Le 21 octobre, à la succursale North York de la Bibliothèque publique de Toronto, Paul-François Sylvestre a expliqué comment une dizaine d’écrivains torontois ont dépeint la Ville Reine dans leurs romans, contes et nouvelles. Ces écrivains ne sont que la pointe de l’iceberg et ils en font voir de toutes les couleurs.
Toronto est avant tout une ville méconnue, voire mal-aimée. De toutes les villes canadiennes, on dit que Toronto est celle que les Canadiens aiment le plus… détester. Dans son roman intitulé Noëlle à Cuba, Pierre Karch campe un personnage qui est étonné de rencontrer un Torontois qui parle français: «– Comment vous avez fait ça? Ça n’a pas d’allure. Vous parlez presque aussi bien que nous autres. Il n’y a pas de Français, à Toronto, enfin pas de vrais. – Il y a moi. – Ah! bien. Ça parle au diable.»
Les personnages de Daniel Soha, dans Chroniques tziganes, abondent dans le même sens. Un couple arrive de New York et s’installe à Toronto, dans un immense appartement du centre-ville dont leur morale new-yorkaise réprouve les plafonds trop bas. Soha écrit: «Tout leur semble laid, petit, mesquin, les gens leur ont l’air mal dégrossi, rustique, grotesque: une grosse bourgade prude et prétentieuse, sans humour ni talent».
La rue Yonge fait couler beaucoup d’encre. Dans son roman Sur la piste des Jolicoeur, Pierre Léon transporte son personnage Suzon depuis Chinon (France) jusqu’à Toronto. Elle est bien déçue de ne pas voir un ours polaire à sa descente d’avion; elle devra se contenter de remonter la vieille rue Yonge, «qui est un peu la Broadway de Toronto. Il faut surtout la voir la nuit avec toutes ses enseignes lumineuses et les flonflons de ses innombrables bastringues.»

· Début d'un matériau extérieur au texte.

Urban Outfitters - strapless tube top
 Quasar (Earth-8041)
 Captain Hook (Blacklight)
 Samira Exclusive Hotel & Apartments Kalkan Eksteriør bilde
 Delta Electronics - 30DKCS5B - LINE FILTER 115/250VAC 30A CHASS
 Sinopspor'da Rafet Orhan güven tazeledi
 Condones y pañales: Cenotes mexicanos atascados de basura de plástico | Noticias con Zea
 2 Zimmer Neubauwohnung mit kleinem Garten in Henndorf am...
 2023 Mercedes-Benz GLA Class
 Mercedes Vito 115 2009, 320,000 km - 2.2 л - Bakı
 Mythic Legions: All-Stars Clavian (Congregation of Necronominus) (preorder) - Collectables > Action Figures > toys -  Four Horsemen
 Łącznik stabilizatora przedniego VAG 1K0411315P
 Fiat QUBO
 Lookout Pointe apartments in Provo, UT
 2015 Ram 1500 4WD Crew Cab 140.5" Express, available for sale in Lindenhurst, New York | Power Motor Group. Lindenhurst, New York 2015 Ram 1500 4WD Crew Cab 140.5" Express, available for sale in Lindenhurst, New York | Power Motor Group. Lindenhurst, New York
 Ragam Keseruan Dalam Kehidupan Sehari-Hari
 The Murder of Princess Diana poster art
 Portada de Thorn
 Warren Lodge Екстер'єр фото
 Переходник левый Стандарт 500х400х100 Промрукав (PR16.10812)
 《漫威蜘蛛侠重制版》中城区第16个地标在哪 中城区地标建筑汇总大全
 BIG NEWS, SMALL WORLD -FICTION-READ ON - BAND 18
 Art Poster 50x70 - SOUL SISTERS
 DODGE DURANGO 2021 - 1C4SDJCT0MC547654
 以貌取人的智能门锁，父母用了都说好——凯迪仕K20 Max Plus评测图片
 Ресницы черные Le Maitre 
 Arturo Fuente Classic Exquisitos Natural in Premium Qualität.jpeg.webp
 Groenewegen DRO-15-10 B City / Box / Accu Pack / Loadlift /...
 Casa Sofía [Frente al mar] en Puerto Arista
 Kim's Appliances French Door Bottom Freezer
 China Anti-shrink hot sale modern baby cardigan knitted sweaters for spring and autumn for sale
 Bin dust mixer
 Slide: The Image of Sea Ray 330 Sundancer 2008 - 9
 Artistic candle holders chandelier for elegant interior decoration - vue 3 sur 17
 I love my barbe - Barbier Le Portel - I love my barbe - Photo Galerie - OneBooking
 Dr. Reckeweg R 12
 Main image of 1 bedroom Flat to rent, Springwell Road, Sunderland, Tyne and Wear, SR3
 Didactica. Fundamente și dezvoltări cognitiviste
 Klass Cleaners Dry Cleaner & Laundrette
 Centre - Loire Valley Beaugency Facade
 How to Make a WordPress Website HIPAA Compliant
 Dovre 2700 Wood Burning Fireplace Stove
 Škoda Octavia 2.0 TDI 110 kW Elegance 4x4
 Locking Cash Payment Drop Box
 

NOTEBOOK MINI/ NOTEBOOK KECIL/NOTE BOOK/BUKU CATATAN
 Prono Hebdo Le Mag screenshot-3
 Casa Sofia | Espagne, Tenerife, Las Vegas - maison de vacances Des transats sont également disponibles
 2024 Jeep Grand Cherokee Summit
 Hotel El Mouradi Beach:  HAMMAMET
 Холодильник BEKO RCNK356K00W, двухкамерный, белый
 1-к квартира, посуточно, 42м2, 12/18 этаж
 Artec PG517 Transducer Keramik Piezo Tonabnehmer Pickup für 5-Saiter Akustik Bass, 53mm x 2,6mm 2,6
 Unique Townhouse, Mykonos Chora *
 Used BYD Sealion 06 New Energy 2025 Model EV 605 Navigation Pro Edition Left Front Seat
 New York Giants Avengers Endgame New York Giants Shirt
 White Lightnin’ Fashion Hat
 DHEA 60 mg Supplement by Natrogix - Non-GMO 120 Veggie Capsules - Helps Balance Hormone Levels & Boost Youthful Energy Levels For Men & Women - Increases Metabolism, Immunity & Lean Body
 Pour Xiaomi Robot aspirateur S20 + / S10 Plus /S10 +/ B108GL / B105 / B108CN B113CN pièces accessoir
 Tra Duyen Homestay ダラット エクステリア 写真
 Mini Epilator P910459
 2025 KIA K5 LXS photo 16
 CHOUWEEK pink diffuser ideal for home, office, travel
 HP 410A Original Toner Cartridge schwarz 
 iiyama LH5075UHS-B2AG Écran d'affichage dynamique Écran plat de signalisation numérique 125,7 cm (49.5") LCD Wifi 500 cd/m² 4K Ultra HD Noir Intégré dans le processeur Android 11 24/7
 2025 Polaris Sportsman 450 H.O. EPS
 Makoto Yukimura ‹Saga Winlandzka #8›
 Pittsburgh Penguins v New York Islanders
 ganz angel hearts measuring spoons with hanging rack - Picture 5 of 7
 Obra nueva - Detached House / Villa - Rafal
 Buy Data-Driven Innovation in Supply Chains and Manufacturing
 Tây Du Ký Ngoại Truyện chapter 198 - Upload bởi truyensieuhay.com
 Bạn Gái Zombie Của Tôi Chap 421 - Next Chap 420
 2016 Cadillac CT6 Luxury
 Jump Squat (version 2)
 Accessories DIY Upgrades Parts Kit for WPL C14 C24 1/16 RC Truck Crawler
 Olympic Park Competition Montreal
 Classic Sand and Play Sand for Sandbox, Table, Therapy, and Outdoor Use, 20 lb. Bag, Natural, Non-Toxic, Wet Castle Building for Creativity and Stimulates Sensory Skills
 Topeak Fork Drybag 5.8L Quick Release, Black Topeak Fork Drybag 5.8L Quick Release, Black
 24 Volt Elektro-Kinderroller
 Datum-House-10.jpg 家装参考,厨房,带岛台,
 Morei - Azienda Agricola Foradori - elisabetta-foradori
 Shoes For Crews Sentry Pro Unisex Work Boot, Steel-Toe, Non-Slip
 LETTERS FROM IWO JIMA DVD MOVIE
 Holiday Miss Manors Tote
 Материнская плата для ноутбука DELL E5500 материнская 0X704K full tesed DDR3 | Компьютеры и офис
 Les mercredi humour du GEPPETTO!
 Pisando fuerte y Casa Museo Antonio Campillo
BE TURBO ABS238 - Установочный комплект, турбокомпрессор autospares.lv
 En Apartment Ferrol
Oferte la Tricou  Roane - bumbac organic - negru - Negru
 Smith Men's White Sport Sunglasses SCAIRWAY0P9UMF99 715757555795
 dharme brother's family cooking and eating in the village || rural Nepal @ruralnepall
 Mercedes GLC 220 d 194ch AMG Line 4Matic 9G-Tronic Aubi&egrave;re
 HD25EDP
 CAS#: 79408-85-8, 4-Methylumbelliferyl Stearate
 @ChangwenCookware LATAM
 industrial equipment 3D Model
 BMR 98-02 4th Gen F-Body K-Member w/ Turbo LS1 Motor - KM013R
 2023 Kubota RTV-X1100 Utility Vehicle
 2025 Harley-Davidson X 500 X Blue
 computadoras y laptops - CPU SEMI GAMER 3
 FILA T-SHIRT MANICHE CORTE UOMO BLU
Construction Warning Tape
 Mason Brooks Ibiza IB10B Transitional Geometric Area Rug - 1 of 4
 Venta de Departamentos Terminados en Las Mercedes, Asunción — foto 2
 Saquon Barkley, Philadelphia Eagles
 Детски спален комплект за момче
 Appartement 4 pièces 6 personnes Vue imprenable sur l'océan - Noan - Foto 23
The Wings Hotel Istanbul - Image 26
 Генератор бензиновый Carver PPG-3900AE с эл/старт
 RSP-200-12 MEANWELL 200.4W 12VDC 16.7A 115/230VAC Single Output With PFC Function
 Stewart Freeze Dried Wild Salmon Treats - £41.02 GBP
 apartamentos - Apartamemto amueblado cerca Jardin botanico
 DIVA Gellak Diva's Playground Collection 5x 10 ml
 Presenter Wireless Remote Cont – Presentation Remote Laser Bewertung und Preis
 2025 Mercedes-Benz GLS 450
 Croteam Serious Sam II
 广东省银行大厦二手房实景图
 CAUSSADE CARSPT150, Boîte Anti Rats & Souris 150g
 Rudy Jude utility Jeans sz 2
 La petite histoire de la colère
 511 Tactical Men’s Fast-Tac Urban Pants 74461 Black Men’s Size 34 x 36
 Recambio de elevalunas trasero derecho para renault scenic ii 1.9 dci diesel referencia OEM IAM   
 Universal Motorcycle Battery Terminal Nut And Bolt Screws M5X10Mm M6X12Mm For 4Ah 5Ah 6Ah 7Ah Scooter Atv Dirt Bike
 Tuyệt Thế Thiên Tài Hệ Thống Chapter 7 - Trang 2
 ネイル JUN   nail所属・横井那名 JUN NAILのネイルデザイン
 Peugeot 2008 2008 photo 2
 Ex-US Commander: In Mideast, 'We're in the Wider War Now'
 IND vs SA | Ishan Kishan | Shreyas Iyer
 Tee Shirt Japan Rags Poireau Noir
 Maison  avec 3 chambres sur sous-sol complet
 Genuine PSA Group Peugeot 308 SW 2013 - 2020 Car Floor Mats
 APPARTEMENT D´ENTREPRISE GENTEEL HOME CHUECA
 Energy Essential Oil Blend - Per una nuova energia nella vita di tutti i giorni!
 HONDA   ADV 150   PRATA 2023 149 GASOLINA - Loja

Didier Leclair donne une description éclatée de la rue Queen dans son roman Toronto, je t’aime. Son personnage béninois découvre qu’il s’agit d’un bout de chemin où les gens crient à tue-tête, s’engueulent et s’invectivent dans toutes les langues imaginables. Leclair écrit que «la rue Queen aimait cultiver la différence. Dans ses vitrines, elle affichait ses trésors de pacotille avec l’irrévérence d’une reine sans royaume. Elle se voulait indomptée dans ses lignes de vêtements, ses meubles rétro, ses galeries d’art remplies de cadres sans toiles.»